Fort William Chief Peter Collins says the Animikii-waajiw billboard sign highlights the traditional teachings.
“If we listen to our Elders and the teachings of our Elders, that is what they talk about: Animikii-waajiw, this great spirit of our Thunderbird,” Collins says. “There is language around our names and around our mountain and it is the sacred site of our Thunderbirds.”
Animikii-waajiw continues to be a landmark gathering place for Anishinabek and other people from across Turtle Island.
“They used to come back and use our mountain as a sacred site,” Collins says about the Indigenous people who have been visiting Animikii-waajiw since before contact. “They do healing and mentoring and they lead themselves in a healthy way of life.”
Collins says Animikii-waajiw has also been used as a Pow-Wow site since a road was built up the mountain in the 1930s.

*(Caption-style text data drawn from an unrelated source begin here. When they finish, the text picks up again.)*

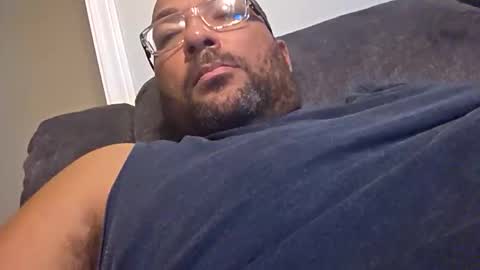 Snapshot of thick_cock_al chatting on 10, 3, 2026 thick_cock_al online show from 10, 3, 2026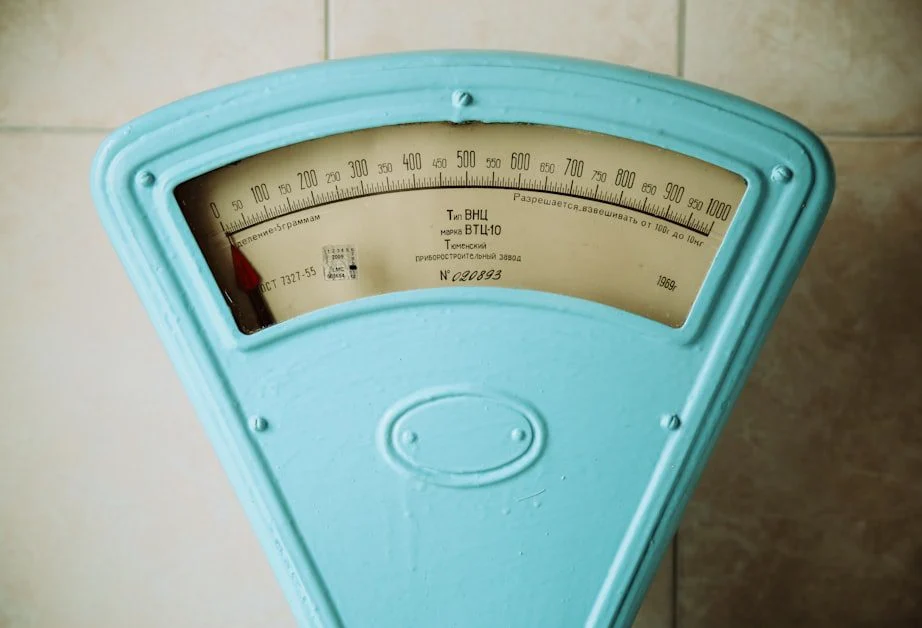 Not All Progestins Affect Weight the Same Way - lose weight while on birth control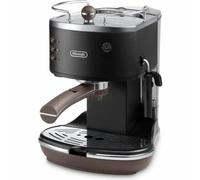 Café Express Arm Delonghi Ecov311.bk Noir Brun Foncé 1,4 L Delonghi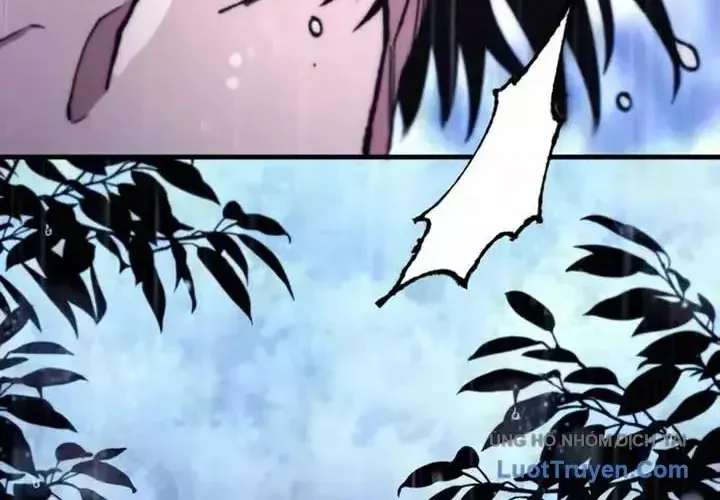 Chapter 196 - Trang 31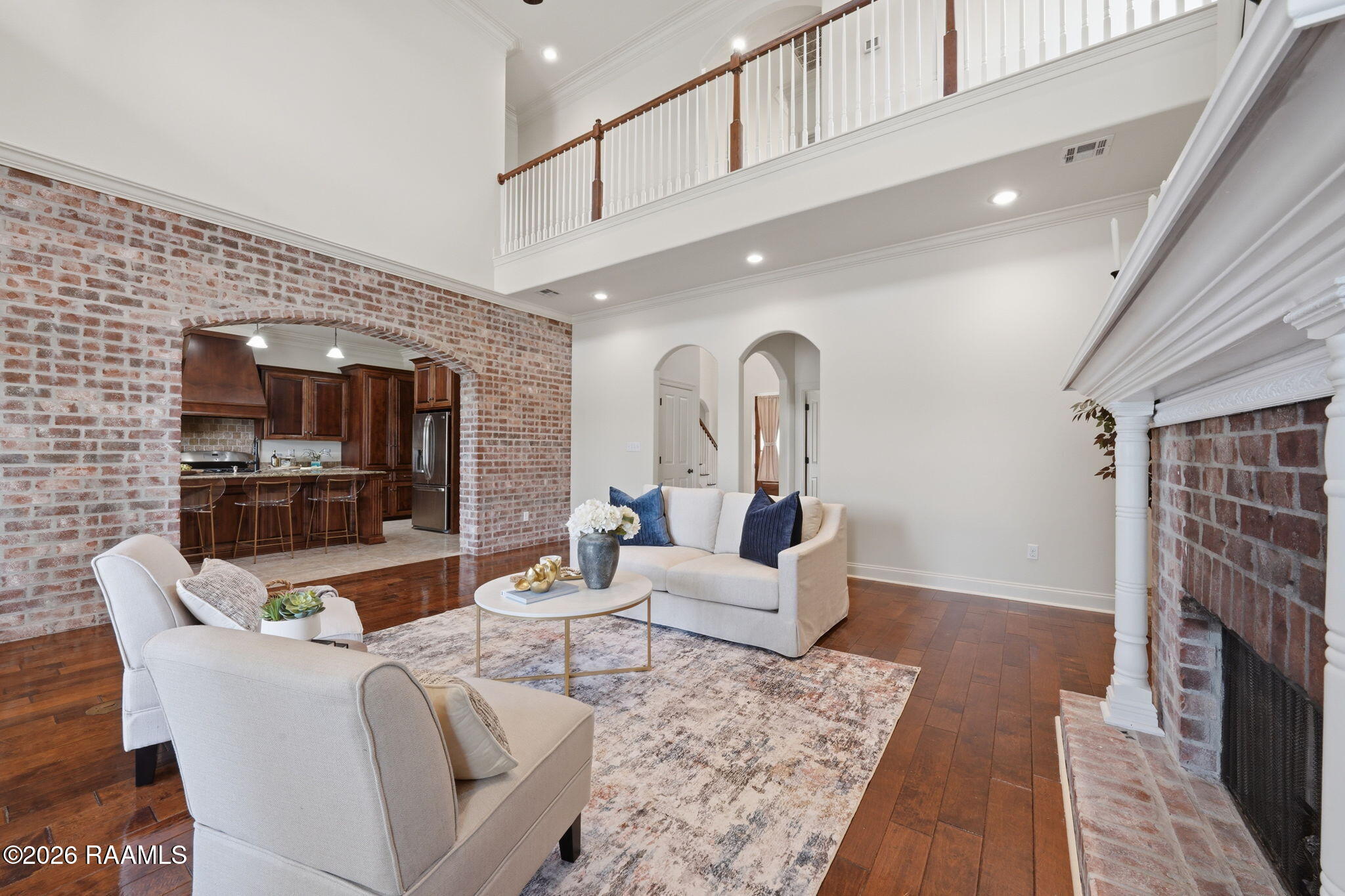 707 Hummingbird Lane New Iberia, LA 70560 - Photo 9 of 33 9-web-or-mls-bb108329 brian butcher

“A re-enactment of our treaty was signed in 1932 on the mountain,” Collins says. “So the Thunderbirds looked over our community members then.”
Collins says it is important to recognize and acknowledge Indigenous place names across Turtle Island.
“Our Elder tells us that at the Union (of Ontario Indians) on a regular basis,” Collins says. “We need to get back to our culture, our language and our traditions and rebuild those cultures and traditions at the same time. This is another step in the right direction — it is important to recognize the territories and the communities where you enter and where you practice your traditional language and your traditional knowledge and teach our young people all those aspects.”